You're a bit better off if your occasional indulgence is beef or pork rather than turkey or lamb, says Dr. Zashin. And lamb chops are a better choice than leg meat.
Avoid beverages sweetened with high-fructose corn syrup, such as non-diet sodas or "fruit" drinks. Downing these drinks isn't just an easy way to pack on pounds; the sweeteners will stimulate the body to produce more uric acid.
Organ meats, such as liver, kidneys, and sweetbreads, are a major no-no, according to the Arthritis Foundation.
Asparagus, spinach, and mushrooms are higher in purines than other vegetables — and at one time, experts thought people with gout should avoid them. Now, that thinking is changing: If you like these foods, there's no reason to avoid them completely, says Sandon.

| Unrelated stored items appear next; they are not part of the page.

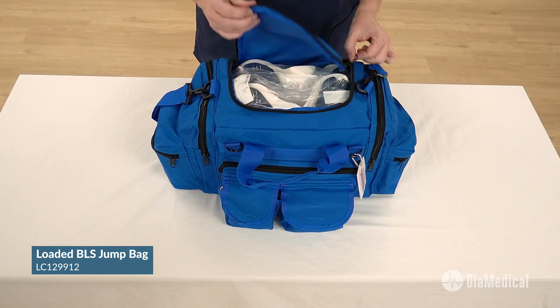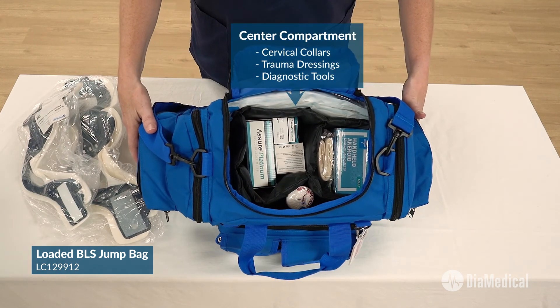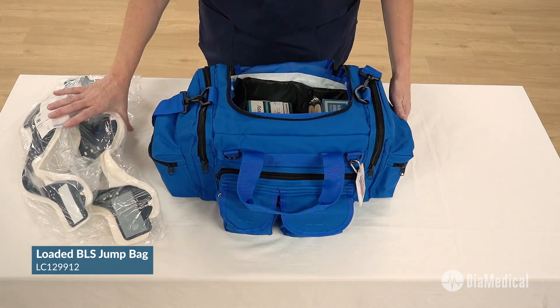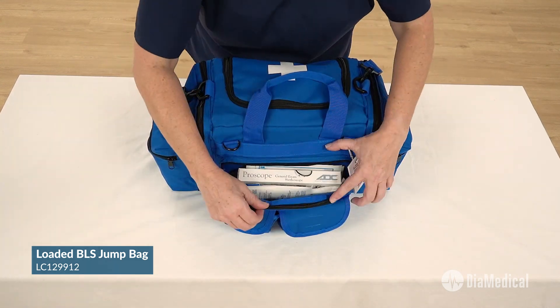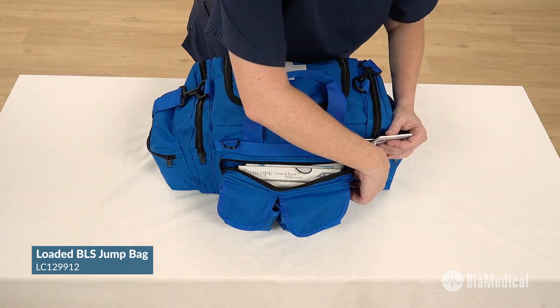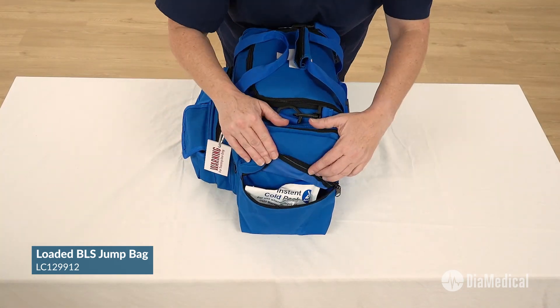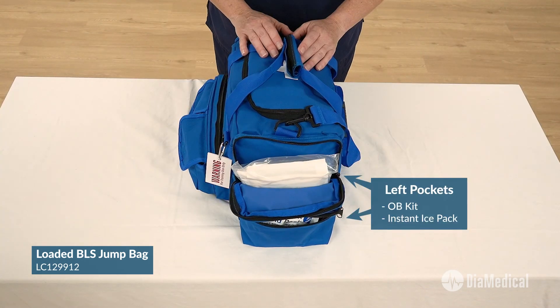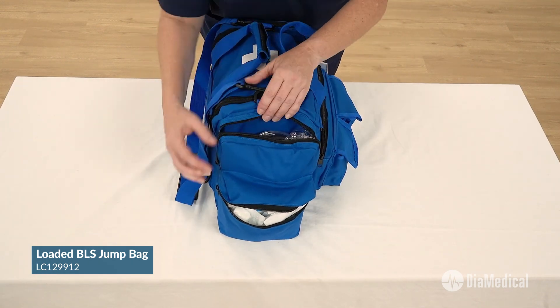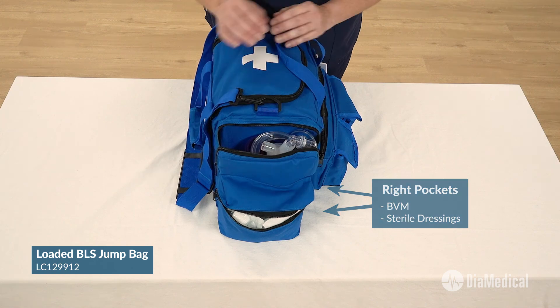The center compartment contains cervical collars and trauma dressings along with pocket diagnostic tools. The front pockets hold EMS pocket tools and airways for assisted ventilation. The left side pockets contain an OB kit and an instant ice pack, while the right side pockets contain the BVM and sterile dressings.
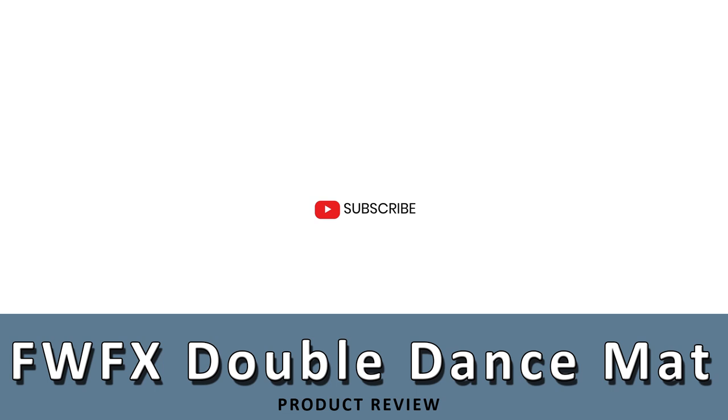So that sums up our review of the FWFX Double Dance Mat, and we hope you enjoyed the review. If you did, please leave a like on the video. And if you're new here, hit that subscribe button. Remember to check back often to access our new reviews. Thanks for watching and have a great day.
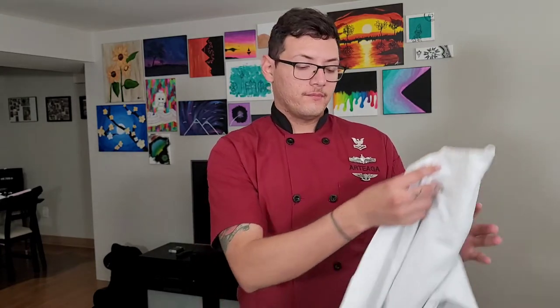Hey, what's up everyone, welcome back to my YouTube channel. I'm CS to Ortega and today I'll be teaching you guys how to iron creases on your chef coat.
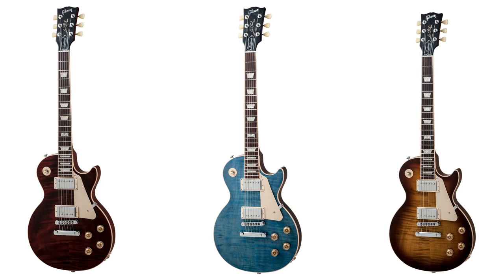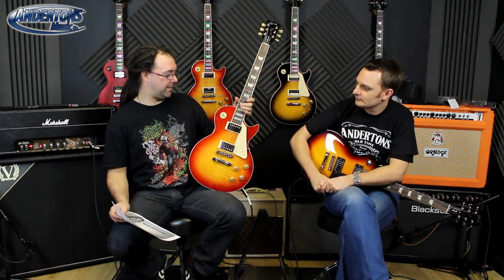For all the guys that kind of go, 'Well, I don't like it when they put locking machines in and change the radius of the fretboard' — the Traditional is essentially for the guy that just doesn't want Gibson to mess about with his Les Paul. So they've got traditional binding over the frets, the mahogany, the maple, double-A flame top which looks absolutely stunning. Gibson is best doing what Gibson does really well: regular old-fashioned tuners and machines, regular slippery knobs.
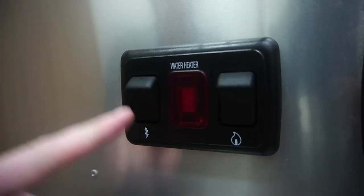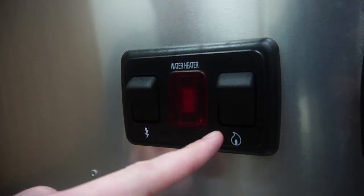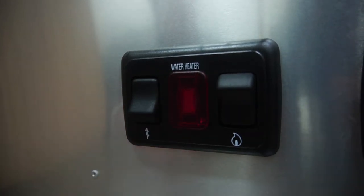Your electric is represented by the lightning bolt icon, and your propane is represented by the flame icon. To turn either on, simply push the switch up. If the red light does not come on, that means your water is being heated.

"Certainly you wouldn't want to go wild with these high-purine vegetables, but they don't seem to be an issue like the meats are," she adds.
Plus, veggie-rich diets actually help you clear purines from the body, according to Sandon, and the body seems to have an easier time excreting purines from vegetable sources.
Feel like you're left with nothing to eat? Not true, experts say.
There are actually several types of foods that may help protect you against gout. These include low-fat dairy foods, whole grains, coffee, and fruits, especially citrus fruits. You should also be sure to get 12 to 16 cups of fluid daily.
You don't necessarily have to drink only water (although it shouldn't be beer!)—you can choose non-sweetened juice, tea, and coffee too.
"Any kind of fluid that keeps that blood flowing and urine flowing" is a good choice, says Sandon.